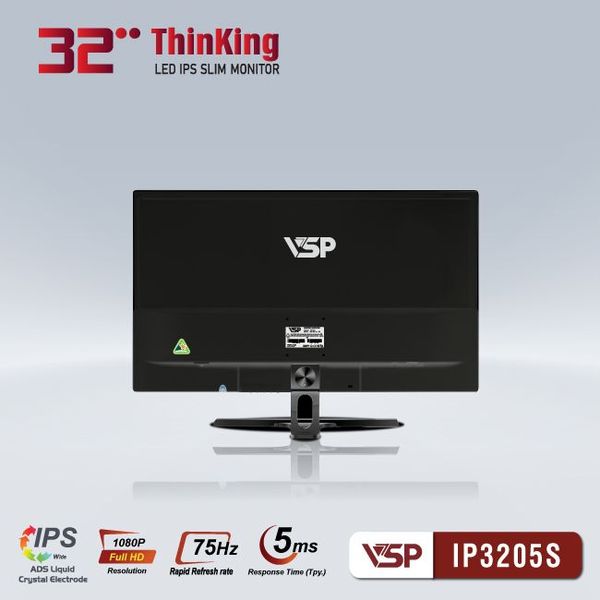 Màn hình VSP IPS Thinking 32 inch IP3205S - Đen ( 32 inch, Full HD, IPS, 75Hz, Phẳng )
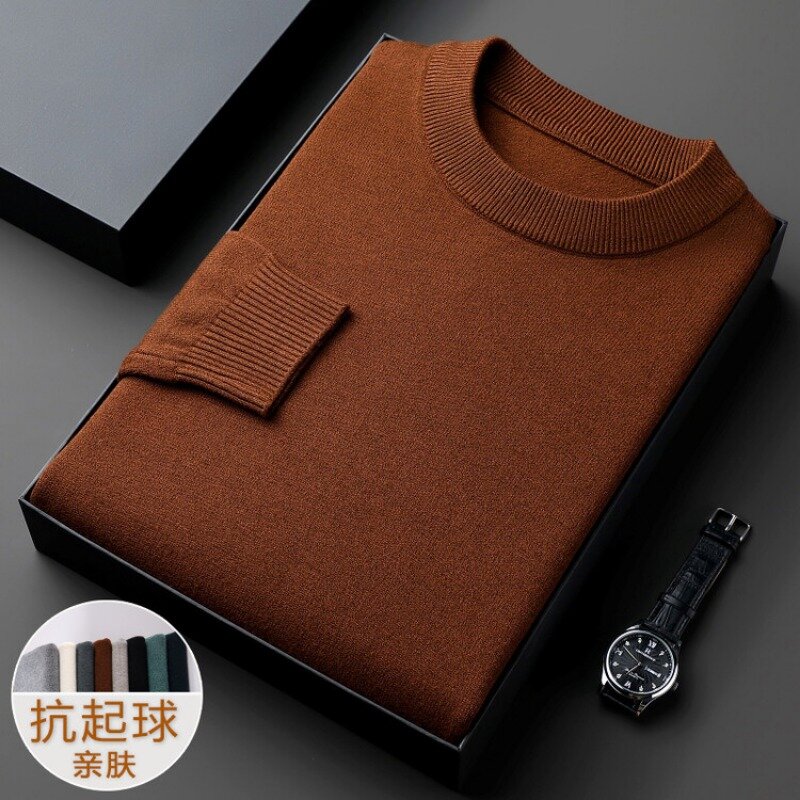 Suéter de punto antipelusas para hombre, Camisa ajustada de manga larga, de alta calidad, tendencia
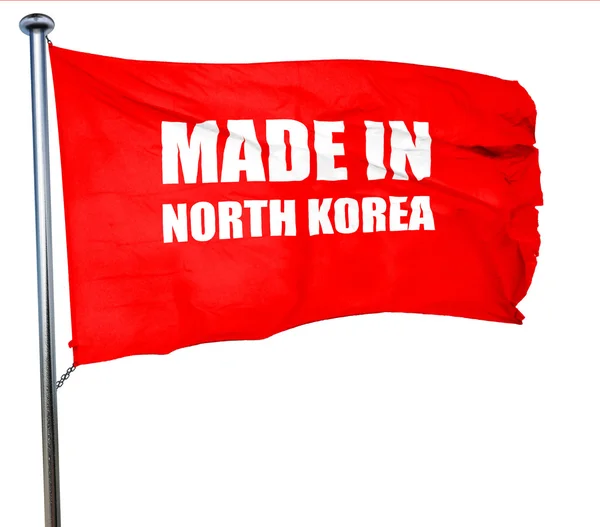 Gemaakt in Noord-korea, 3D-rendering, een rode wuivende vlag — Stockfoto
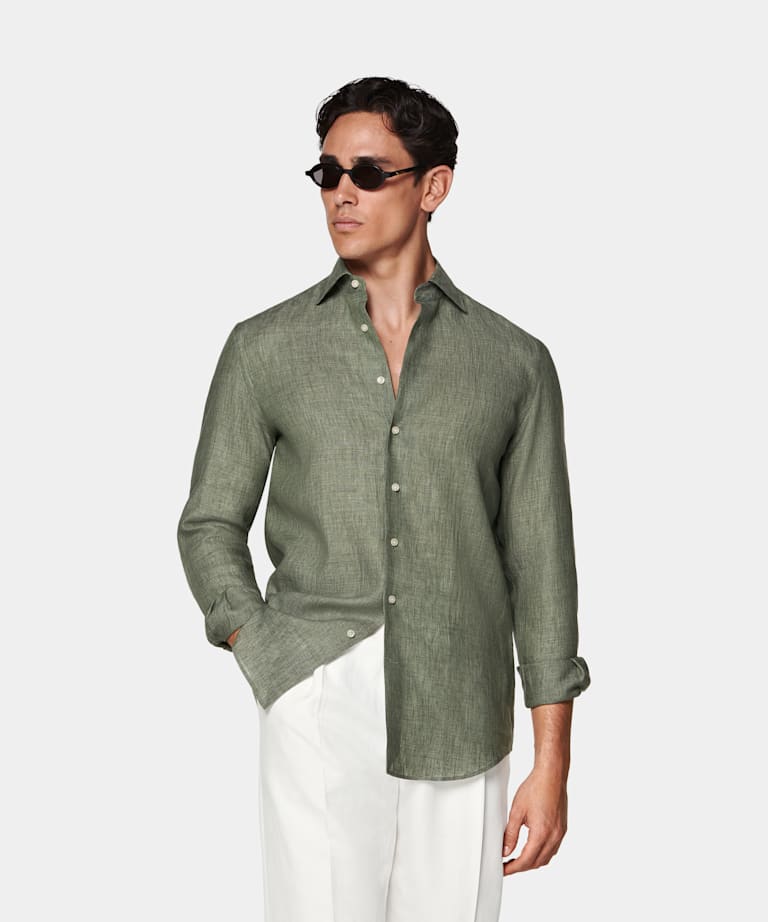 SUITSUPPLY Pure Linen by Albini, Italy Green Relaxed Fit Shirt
==
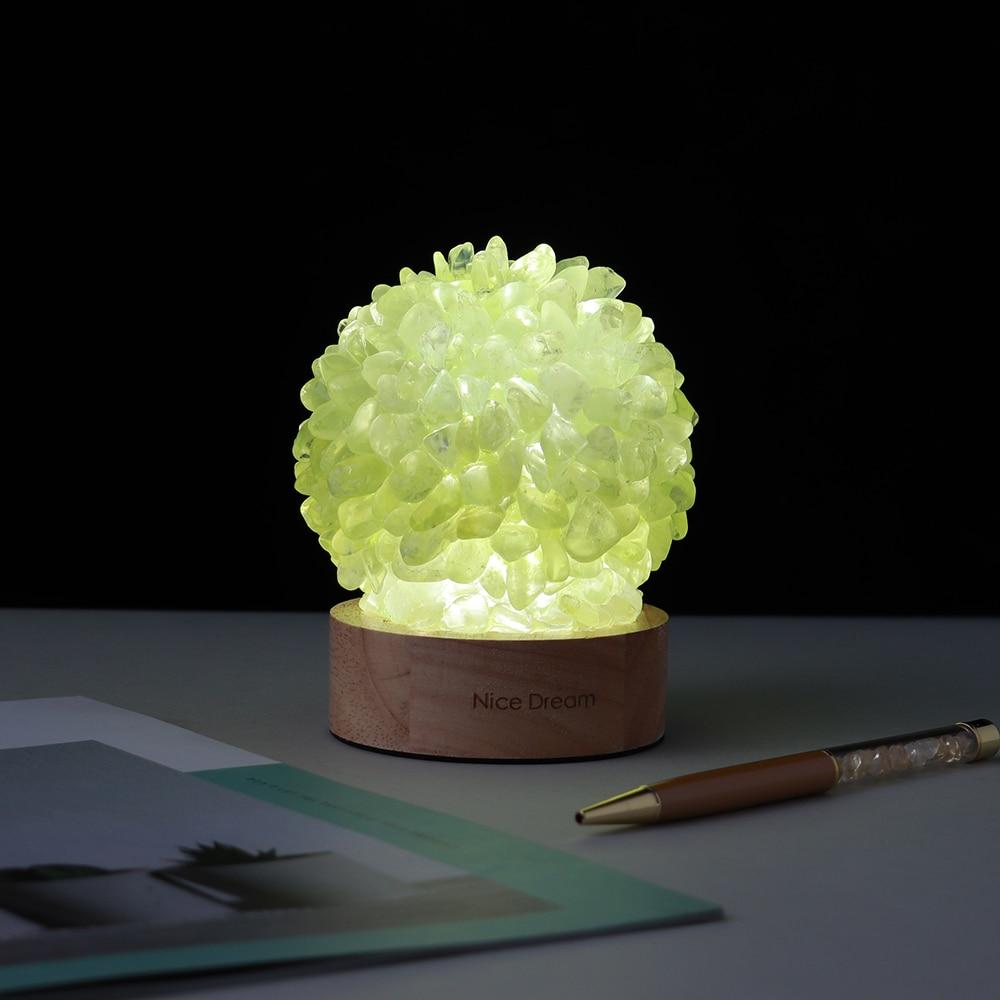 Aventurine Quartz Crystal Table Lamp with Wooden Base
--
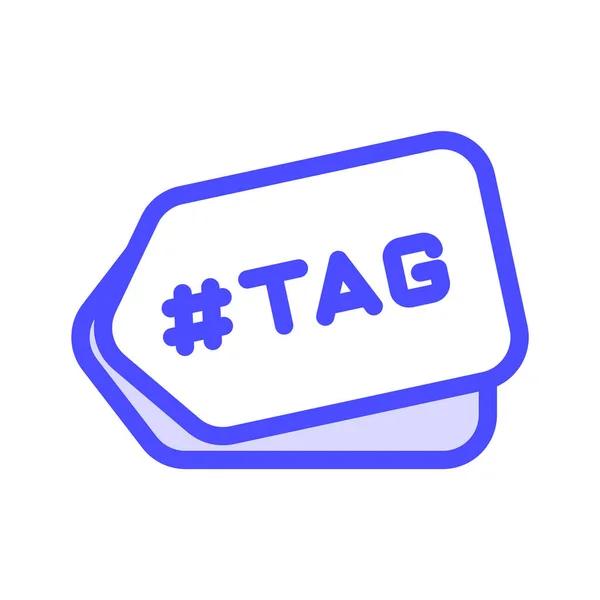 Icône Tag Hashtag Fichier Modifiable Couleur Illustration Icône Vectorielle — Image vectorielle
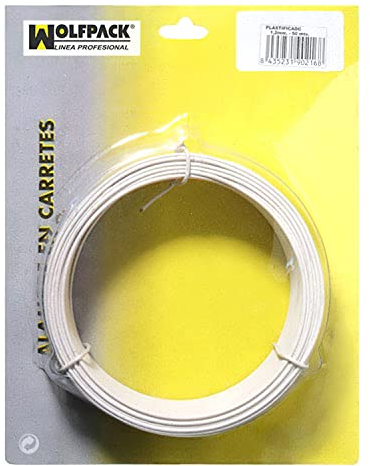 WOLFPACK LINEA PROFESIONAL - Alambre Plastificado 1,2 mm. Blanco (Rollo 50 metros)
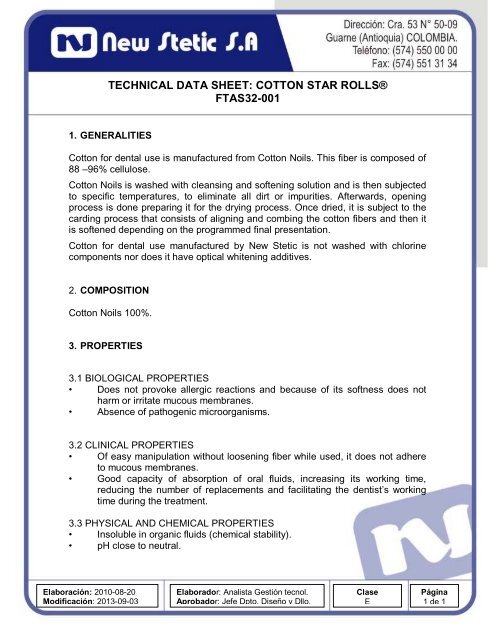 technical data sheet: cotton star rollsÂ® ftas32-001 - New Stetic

— DIRECTIONS —
Within the listing above, the lines from the one with "WOLFPACK LINEA PROFESIONAL" through the one with "technical data sheet: cotton" are to be given again word for word. Do not include pictures.

— RESPONSE AREA —
 WOLFPACK LINEA PROFESIONAL - Alambre Plastificado 1,2 mm. Blanco (Rollo 50 metros)
 technical data sheet: cotton star rollsÂ® ftas32-001 - New Stetic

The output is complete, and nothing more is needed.